SIGIR 2010: Day 2 Technical Sessions

On the second day of the SIGIR 2010 conference, I did start shuttling between sessions to attend particular talks.

In the morning session, I attended three talks. The first, “Geometric Representations for Multiple Documents” by Jangwon Seo and Bruce Croft, looks at the problem of representing combinations of documents in a query model. It provides both theoretical and experimental evidence that geometric means work better than arithmetic means for representing such combinations. The second, “Using Statistical Decision Theory and Relevance Models for Query-Performance Prediction” by Anna Shtok, Oren Kurland, and David Carmel, shows the efficacy of a utility estimation framework comprised of relevance models, measures like query clarity to estimate the representativeness of relevance models, and similarity measures to estimate the similarity or correlation between two ranked lists. The authors demonstrated significant improvements from the framework over simply using the representativeness measures for performance prediction. The third paper, “Evaluating Verbose Query Processing Techniques” by Samuel Huston and Bruce Croft, showed that removing “stop structures”, a generalization of stop words, could significantly improve performance on long queries. Interestingly, the authors evaluated their approach on “black box” commercial search engines Yahoo and Bing without knowledge of their retrieval models.

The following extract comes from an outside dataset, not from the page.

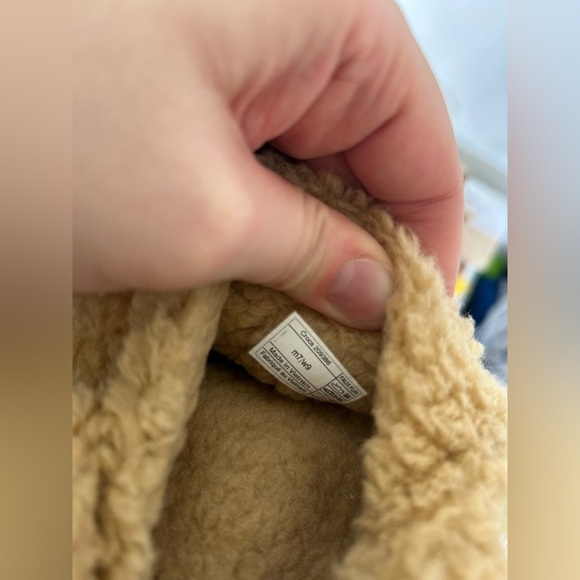 CROC Classic Cozzzy Slipper Size 9W Tan - Picture 6 of 7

In the session after lunch, I mostly attended talks from the session on user feedback and user models. The first, “Incorporating Post-Click Behaviors Into a Click Model” by Feimin Zhong, Dong Wang, Gang Wang, Weizhu Chen, Yuchen Zhang, Zheng Chen, and Haixun Wang, proposed and experimentally validated a click model to infer document relevance from post-click behavior like dwell time that can be derived from logs. The second, “Interactive Retrieval Based on Faceted Feedback” by Lanbo Zhang and Yi Zhang, described an approach using facet values for relevance and pseudo-relevance feedback. It’s interesting work, but I think the authors should look at work my colleagues and I presented at HCIR 2008 on distinguishing whether facet values are useful for summarization or for refinement. The third, “Understanding Web Browsing Behaviors through Weibull Analysis of Dwell Time” by Chao Liu, Ryen White, and Susan Dumais, offered an elegant model of dwell time and used it to predict dwell time distribution from page-level features. Finally, I attended one talk from the session on retrieval models and ranking: “Finding Support Sentences for Entities” by Roi Blanco and Hugo Zaragoza. They present a novel approach of generalizing snippets to interfaces that offer named entities (e.g., people) as supplements to the search results. I am excited to see research that could make richer interfaces more explainable to users.

I spend the last session of the day listening to a couple of talks about users and interactive IR. The first was “Studying Trailfinding Algorithms for Enhanced Web Search” by Adish Singla, Ryen White, and Jeff Huang~~, turned out to be the best-paper winner~~. This work extends previous work that Ryen and colleagues have done on search trails and showed results of various trailfinding algorithms that outperform the trails users follow on their own. The second, “Context-Aware Ranking in Web Search” by Biao Xiang, Daxin Jiang, Jian Pei, Xiaohui Sun, Enhong Chen, and Hang Li, analyzes requerying behavior as reformulation, specialization, generalization, or general association, and demonstrates that knowing or inferring which the user is doing significantly improves ranking of the second query’s results.

The day wrapped up with a luxurious banquet at the Hotel Intercontinental, near the Nations Plaza. After sweating through conference sessions without air conditioning, it was a welcome surprise to enjoy great food in such an elegant setting.